If you see someone perspiring into a jacket on a warm day, when everyone around them is in shirtsleeves, the chances are that they have discovered the drawbacks of minimal ironing. It seems like a good idea when you stop ironing the bits that can’t possibly be seen. Then you miss out the bits that will most likely stay hidden. After a while you are ironing the collar, the cuffs, and a six-inch strip down the middle of the front. It’s a good trick, but you need to keep an eye on the weather forecast. Nowadays we all seem to be permanently short of time, though, and any short cut is useful. One alternative, of course, is to multi-task, by doing something else while ironing. For example, you can iron whilst talking on the telephone (hands-free only – you’ve heard the old joke, but with a handset, a scorched cheek is definitely a real possibility).
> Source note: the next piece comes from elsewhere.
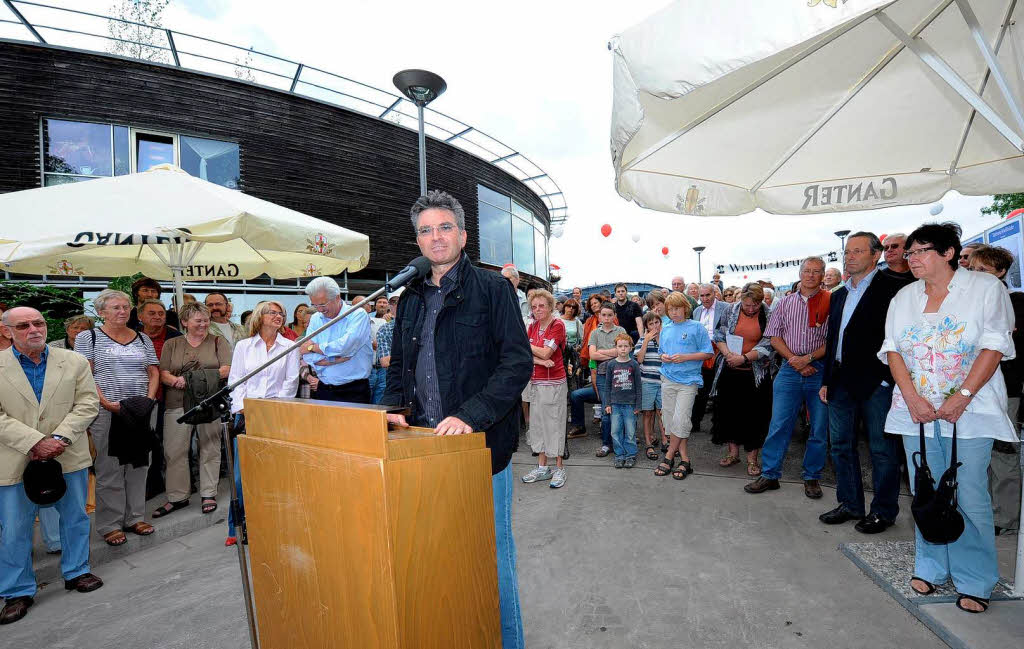 Freiburgs Oberbrgermeister Dieter Salomon hielt natrlich eine Ansprache.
Actually, there are lots of ways that ironing time can be put to good use. If you set up the board in front of the television, you can keep track of your favourite soaps with an added sense of virtue. It’s particularly fascinating if someone on the screen is ironing too, though they never seem to be very good at it. Take care, though if the TV programme is particularly gripping – serious clothes damage could result. Ironing time is also good for thinking and planning, perhaps for a laundry-free holiday (is this how nudists get their ideas?). It’s also possible to daydream about the plans you had when you were young, which definitely didn’t include hours spent at the ironing board.

Why, then, do we iron at all? Is this just another form of domestic slavery? Non-iron fabrics have existed for years, after all, so you have to wonder why anyone makes, sells, or buys clothes that need constant attention. Perhaps the answer is that nothing really beats the feeling of putting on a crisp shirt, still warm and steaming slightly. It’s just a shame that it takes so much time to get there.